As Edward Said has argued, the problem is not Israeli Zionism but American Zionism, for the real power to stop Israeli aggression resides in the government of the United States. And though one can rightfully lay a large measure of blame on the American media, which has successfully obscured the justice of the Palestinian struggle, some measure of responsibility must be laid at the feet of the Palestinian leadership itself, which has never understood the urgency of getting its message out and has little talent in that regard.
The first job of the Palestinian Authority must be to state on all occasions, first and foremost–no matter what the putative subject of discussion–that there can be no peace until all the land stolen by Israel in 1967 is returned. That means all of East Jerusalem, the West Bank and the Gaza. Moreover, the refugees must be compensated for their stolen land. No other message is as important to convey and nothing the Palestinian Authority can do in the next year or two is of such importance. No occasion must go by without this single message being at the very center of the Palestinian communication. It must be repeated endlessly and tirelessly, for it is the single truth at the heart of the conflict. Yet rarely if ever do we hear any Palestinian official stating the Palestinian position clearly, simply and unequivocally.

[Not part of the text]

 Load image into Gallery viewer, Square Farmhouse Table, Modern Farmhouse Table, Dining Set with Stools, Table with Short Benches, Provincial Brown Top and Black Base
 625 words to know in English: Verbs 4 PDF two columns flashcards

If the Palestinian Authority once thought that the intercession of the United States would return the Palestinian lands and end in a Palestinian nation, it is clear that it was mistaken. The “generous Barak peace proposal” turned into a debacle from which the Palestinians are still reeling. There should be no further ambiguity about what the Palestinian people will accept: nothing less than all the lands stolen by Israel in 1967 and just compensation for the stolen lands of those forced into exile. This is the reality that the Palestinian Authority must convey to the world in general and to the American public in particular. Every statement made by representatives of the Palestinian Authority, no matter what the momentary subject of the communication, must emphasize that the occupation must end, that all the settlements must be dismantled, that all the stolen land must be returned, and that all Palestinian refugees must be compensated. Only under such terms can there be genuine peace.
It would be useful for this purpose if Palestinian officials refused to meet with any United States’ delegations, diplomats, government officials, or negotiators unless those officials publicly aver that the occupation is illegal, that the territories are illegal, that the occupied land belongs to the Palestinian people and that compensation is due all refugees. Whether the United States agrees or refuses to comply with these Palestinian demands, on every occasion when these demand arise, the fundamental Palestinian position will become front page news around the world.
If such a communication program is put into effect, eighteen months from now, when a hundred Americans are picked out at random and asked what the Palestinian people are fighting for, they will know. They will know because the N.Y. Times and the Washington Post, and the Eleven O’Clock News and Time Magazine will have been forced to report this constant and consistent Palestinian message. Only through such a program will public opinion in the United States be changed, and with that change will come the kind of public pressure that significantly shifts U.S. policy. Short of this, expansionist Israel will continue to gobble up the rest of the Palestinian homeland while the well-meaning American public continues to wonder what on earth those foolish Palestinians were fighting for in the first place.
Mr. Steve Kowit is a writer and well-known American poet.